Assignment
In the records below, find the line that contains "SPIEGEL Rund Ø" and the line that contains "Picture 2 of 8". Set down exactly those lines and every line between them, and nothing more.

Information
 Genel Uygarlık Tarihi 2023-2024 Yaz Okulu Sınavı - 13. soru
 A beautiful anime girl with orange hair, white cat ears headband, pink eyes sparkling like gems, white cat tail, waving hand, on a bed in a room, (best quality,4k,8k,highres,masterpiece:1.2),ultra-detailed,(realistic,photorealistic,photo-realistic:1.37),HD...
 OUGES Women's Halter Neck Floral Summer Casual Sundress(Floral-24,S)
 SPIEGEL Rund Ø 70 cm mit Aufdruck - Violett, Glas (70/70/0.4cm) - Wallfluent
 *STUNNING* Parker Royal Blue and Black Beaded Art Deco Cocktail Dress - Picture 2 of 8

---

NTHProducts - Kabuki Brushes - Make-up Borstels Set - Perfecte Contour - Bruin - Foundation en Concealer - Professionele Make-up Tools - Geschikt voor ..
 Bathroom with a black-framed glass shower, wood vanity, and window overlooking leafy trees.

Exercise output
 SPIEGEL Rund Ø 70 cm mit Aufdruck - Violett, Glas (70/70/0.4cm) - Wallfluent
 *STUNNING* Parker Royal Blue and Black Beaded Art Deco Cocktail Dress - Picture 2 of 8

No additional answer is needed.